MyThirdFunction <- function(BestFluorophore, WorstFluorophore){
    message("Unquestionably, the best fluorophore is ", BestFluorophore)
    message("And by far, the worst fluorophore is ", WorstFluorophore)
}

MyThirdFunction(BestFluorophore = "APC", WorstFluorophore = "PerCP-Cy5.5")

Unquestionably, the best fluorophore is APC

And by far, the worst fluorophore is PerCP-Cy5.5

Once we have a function set up that accepts multiple arguments, what happens if we forget to provide an argument? Let’s intentionally forget “WorstFluorophore” and see.

MyThirdFunction(BestFluorophore="APC")

Error in `MyThirdFunction()`:
! argument "WorstFluorophore" is missing, with no default

As you see, we get back an error. The reason for this is that a function lives in relative isolation from the rest of our R session. It typically can only see what you provided as inputs, or what is spun up by the code within the function itself.

We can also provide default values for our given arguments. For example, we could modify to provide WorstFluorophore default by setting a value equal to it within the ()

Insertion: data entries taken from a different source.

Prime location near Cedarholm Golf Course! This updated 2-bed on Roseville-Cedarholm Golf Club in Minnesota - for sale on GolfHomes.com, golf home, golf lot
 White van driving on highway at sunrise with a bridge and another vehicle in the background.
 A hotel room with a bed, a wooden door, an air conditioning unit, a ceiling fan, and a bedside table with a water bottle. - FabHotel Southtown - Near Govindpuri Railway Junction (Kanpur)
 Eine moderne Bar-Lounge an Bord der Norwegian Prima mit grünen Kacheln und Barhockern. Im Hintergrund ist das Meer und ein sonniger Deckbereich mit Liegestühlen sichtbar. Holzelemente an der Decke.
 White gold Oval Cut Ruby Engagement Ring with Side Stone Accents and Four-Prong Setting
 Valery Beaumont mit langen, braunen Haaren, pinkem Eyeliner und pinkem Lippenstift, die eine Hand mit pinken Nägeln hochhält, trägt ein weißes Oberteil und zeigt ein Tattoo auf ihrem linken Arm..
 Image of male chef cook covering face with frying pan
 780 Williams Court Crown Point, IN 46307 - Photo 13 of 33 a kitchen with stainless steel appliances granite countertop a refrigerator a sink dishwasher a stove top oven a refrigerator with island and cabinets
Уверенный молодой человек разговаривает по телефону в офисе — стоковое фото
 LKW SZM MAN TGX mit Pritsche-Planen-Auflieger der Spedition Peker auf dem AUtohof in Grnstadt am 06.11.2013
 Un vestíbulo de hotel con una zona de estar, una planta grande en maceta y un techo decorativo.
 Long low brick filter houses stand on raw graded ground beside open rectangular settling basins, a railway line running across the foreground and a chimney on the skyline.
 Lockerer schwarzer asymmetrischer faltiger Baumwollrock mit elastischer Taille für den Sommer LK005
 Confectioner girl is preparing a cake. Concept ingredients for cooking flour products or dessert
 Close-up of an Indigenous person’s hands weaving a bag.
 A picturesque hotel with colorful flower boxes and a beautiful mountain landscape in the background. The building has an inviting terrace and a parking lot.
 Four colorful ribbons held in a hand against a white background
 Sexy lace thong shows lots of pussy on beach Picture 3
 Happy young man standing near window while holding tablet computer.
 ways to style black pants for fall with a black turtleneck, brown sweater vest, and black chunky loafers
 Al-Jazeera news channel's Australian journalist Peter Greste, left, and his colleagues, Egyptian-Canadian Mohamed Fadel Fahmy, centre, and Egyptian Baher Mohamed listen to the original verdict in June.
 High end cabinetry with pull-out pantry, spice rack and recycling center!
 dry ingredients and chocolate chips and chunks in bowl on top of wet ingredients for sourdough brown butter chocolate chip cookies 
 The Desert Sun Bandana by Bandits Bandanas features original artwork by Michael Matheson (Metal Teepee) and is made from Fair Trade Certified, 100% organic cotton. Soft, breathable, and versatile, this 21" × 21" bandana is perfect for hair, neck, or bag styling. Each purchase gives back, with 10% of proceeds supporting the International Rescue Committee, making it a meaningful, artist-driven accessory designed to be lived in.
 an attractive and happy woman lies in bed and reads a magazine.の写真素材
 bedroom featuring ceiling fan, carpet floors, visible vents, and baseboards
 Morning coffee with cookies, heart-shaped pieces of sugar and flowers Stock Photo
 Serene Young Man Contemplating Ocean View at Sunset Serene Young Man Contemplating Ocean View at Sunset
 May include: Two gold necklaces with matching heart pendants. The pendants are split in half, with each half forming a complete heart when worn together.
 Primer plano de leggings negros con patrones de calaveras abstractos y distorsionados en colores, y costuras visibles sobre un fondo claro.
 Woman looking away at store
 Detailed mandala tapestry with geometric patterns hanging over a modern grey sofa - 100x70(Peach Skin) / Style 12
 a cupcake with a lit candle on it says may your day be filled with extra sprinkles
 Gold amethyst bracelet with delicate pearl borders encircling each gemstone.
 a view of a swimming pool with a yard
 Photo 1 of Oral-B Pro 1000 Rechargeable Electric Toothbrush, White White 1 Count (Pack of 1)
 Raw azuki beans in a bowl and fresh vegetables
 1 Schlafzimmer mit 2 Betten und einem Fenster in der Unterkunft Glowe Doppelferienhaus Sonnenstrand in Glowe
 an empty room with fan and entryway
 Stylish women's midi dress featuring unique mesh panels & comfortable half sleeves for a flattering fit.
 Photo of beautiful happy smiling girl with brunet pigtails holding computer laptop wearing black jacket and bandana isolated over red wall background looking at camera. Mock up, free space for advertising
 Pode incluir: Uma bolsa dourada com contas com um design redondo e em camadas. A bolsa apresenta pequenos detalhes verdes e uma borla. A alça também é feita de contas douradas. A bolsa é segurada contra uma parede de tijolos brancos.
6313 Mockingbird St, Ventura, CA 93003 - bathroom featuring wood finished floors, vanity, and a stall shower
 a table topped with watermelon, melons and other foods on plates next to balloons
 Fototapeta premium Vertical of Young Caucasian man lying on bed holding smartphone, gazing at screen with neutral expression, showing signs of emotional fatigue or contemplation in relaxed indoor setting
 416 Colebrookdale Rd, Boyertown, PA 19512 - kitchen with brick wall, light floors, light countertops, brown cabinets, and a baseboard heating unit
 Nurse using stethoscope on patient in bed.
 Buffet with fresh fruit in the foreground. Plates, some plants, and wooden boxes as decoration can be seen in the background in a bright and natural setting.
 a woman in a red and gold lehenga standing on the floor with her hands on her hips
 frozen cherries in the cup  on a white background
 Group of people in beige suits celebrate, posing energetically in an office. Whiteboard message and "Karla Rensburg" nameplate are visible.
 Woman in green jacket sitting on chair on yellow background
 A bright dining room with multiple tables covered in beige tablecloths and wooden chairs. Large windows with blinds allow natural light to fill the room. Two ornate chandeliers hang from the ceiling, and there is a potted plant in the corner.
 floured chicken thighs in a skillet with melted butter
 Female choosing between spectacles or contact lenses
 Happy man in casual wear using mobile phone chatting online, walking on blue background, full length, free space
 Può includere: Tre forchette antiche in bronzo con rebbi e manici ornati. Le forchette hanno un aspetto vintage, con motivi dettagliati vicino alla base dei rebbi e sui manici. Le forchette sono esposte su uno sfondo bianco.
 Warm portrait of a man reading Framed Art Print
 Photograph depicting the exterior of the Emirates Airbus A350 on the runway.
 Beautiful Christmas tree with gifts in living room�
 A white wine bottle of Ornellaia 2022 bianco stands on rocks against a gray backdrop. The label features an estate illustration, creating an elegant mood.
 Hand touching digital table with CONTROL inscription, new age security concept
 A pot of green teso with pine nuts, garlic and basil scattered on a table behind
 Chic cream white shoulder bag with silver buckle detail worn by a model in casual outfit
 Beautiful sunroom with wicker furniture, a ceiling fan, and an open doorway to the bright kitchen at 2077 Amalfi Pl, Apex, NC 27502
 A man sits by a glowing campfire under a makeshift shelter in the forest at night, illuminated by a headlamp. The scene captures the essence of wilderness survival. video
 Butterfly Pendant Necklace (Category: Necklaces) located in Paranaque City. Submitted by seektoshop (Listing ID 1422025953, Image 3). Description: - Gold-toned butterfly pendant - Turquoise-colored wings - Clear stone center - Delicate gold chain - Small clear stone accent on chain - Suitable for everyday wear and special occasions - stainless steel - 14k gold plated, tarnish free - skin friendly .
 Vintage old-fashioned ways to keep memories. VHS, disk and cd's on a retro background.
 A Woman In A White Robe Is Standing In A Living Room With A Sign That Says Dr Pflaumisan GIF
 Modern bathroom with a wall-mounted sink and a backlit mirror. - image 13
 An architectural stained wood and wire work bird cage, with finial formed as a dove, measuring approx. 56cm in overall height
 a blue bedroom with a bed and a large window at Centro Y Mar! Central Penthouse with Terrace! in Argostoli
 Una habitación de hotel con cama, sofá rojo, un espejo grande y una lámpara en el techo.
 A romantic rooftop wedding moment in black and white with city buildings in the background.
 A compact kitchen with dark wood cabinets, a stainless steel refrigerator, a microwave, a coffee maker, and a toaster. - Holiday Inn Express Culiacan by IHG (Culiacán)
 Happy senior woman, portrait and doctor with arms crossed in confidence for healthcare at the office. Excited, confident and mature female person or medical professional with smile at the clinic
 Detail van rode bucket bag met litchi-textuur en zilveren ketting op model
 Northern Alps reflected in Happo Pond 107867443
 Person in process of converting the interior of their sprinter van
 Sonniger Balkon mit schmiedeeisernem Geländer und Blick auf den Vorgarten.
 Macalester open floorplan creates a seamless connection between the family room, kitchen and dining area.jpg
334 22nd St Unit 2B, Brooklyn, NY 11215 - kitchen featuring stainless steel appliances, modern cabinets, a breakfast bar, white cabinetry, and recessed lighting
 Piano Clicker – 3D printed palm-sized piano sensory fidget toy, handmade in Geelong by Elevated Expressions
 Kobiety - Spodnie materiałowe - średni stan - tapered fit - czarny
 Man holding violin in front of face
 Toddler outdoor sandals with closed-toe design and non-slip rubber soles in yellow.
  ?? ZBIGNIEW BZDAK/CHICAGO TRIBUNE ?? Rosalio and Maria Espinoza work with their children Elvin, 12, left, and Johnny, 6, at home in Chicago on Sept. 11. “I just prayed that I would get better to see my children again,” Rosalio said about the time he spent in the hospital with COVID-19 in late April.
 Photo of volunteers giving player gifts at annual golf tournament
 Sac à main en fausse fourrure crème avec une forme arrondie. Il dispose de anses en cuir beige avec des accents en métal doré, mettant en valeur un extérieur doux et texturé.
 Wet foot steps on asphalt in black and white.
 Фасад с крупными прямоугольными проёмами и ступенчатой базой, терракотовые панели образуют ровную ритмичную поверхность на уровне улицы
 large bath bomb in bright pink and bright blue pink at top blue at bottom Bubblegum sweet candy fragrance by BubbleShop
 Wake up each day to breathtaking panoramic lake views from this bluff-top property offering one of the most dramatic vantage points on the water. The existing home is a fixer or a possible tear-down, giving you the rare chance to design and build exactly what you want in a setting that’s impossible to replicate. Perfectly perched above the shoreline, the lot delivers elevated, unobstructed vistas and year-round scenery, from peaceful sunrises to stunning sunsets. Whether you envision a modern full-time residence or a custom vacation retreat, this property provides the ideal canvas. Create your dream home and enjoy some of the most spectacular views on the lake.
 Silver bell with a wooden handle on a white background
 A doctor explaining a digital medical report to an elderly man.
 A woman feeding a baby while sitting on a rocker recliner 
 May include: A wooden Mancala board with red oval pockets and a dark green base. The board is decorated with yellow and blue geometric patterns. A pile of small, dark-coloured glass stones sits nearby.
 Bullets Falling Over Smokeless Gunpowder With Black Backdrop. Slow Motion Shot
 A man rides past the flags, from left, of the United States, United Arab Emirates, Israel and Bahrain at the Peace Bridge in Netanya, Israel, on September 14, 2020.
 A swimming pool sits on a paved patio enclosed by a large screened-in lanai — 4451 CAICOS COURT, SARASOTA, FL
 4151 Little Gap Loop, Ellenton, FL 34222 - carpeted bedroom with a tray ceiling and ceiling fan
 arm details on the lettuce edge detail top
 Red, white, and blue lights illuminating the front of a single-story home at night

MyFourthFunction <- function(BestFluorophore, WorstFluorophore="PerCP-Cy5.5"){
    message("Unquestionably, the best fluorophore is ", BestFluorophore)
    message("And by far, the worst fluorophore is ", WorstFluorophore)
}

Which would then allow for the partially incomplete function to fall back on the default argument.

MyFourthFunction(BestFluorophore="APC")

Unquestionably, the best fluorophore is APC

And by far, the worst fluorophore is PerCP-Cy5.5

However, you are not locked in on your default option, as if you provide an actual argument, it will take preference over the provided default.

MyFourthFunction(BestFluorophore="APC", WorstFluorophore="Zombie Aqua")

Unquestionably, the best fluorophore is APC

And by far, the worst fluorophore is Zombie Aqua

Iteration

Recalling back to Week 02, we ended up creating our first vector, which contained a list of fluorophores.

Fluorophores <- c("BV421", "FITC", "PE", "APC")
str(Fluorophores)

 chr [1:4] "BV421" "FITC" "PE" "APC"

Individual fluorophores from this vector can be provided as arguments to our function, by specifying their index location within the vector. For example

MySecondFunction(BestFluorophore = Fluorophores[1])

Unquestionably, the best fluorophore is BV421

If we wanted to check the output message for each item in our vector, one approach would be to copy-and-paste the line of code, and swap out the vector index position for each new line.

MySecondFunction(BestFluorophore = Fluorophores[2])

Unquestionably, the best fluorophore is FITC

MySecondFunction(BestFluorophore = Fluorophores[3])

Unquestionably, the best fluorophore is PE

MySecondFunction(BestFluorophore = Fluorophores[4])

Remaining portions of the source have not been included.